Abundant, altogether essential, but traditionally messy
The minerals called “rare earths” are not actually rare; in fact they’re quite abundant. According to a recent report by the U.S. Geological Survey, there are nearly 100 million metric tons of rare earths in the earth’s crust, 13 million of which are in the U.S.
The report also identifies 28 sites in 15 states where rare earths might be mined domestically, including the Mountain Pass Mine in California, though it says that its unclear how much of them can be mined profitably.
Other agencies have recently chimed in to show how important rare earths are for a range of manufacturing industries. The Congressional Research Service issued a report last September outlining a number of commercial applications, and the Department of Energy followed in December, listing a range of green technologies that are dependent on rare earths.

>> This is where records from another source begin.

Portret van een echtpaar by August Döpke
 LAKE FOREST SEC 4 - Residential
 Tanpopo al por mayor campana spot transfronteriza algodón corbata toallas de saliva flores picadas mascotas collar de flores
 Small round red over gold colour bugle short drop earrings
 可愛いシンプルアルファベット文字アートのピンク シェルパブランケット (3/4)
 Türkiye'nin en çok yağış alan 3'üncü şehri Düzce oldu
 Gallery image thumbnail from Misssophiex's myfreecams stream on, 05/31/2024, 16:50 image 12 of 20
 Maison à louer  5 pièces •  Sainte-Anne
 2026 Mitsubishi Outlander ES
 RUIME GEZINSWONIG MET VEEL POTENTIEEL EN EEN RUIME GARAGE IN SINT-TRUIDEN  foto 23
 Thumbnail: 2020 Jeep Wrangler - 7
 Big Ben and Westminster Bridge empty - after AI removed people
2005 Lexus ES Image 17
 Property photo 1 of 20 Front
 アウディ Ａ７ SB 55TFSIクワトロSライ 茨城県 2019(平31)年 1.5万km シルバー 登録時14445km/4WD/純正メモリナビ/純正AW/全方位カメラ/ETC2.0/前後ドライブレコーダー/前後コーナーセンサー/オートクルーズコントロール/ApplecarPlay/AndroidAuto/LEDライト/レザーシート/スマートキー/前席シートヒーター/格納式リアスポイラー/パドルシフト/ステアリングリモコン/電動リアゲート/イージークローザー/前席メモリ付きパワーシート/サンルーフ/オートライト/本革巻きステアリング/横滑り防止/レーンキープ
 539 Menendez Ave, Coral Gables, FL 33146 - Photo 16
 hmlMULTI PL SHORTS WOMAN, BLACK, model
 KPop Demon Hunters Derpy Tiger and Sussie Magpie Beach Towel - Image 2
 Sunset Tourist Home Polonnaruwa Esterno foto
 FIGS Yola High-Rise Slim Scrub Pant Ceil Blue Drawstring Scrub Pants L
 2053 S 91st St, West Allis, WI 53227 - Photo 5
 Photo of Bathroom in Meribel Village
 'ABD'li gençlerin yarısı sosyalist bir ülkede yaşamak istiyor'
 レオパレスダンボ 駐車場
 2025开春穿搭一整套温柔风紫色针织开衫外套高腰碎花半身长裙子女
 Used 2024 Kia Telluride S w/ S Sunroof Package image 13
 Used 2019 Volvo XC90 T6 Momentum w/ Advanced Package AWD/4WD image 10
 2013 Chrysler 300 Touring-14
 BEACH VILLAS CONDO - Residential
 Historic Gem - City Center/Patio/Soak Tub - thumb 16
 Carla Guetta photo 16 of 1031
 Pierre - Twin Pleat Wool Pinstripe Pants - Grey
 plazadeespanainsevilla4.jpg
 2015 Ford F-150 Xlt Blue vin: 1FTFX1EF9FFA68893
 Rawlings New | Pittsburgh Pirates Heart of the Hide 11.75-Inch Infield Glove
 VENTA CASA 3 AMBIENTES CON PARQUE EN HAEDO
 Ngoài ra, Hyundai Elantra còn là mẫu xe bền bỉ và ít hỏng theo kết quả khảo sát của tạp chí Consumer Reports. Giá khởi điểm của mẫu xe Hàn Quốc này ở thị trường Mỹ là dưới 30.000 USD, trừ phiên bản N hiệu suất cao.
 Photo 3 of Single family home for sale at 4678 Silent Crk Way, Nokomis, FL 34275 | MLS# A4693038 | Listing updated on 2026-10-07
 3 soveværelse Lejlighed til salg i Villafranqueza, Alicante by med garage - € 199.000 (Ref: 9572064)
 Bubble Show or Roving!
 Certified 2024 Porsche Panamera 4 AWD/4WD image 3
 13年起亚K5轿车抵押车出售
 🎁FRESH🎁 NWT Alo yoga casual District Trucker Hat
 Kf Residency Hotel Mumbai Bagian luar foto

Essential as rare earths are, however, the process of extracting them has often been environmentally damaging. Rare earth mining is usually done in open pits, which can leave a large ecological footprint. Wastewater from the operation of a mine can also contaminate groundwater if not properly treated and disposed of. In addition, because rare earths are often found with the element thorium, which is slightly radioactive, the dust from mining must be prevented from blowing into communities and sensitive areas.
The Mountain Pass Mine was notorious among environmentalists for its bad practices, especially its wastewater disposal. In 1998, after several warnings, a wastewater pipeline ruptured, spilling hundreds of thousands of gallons of radioactive waste into the desert surrounding the mine.
Mountain Pass closed down a couple of years later, and still continues the process of cleaning up the spill.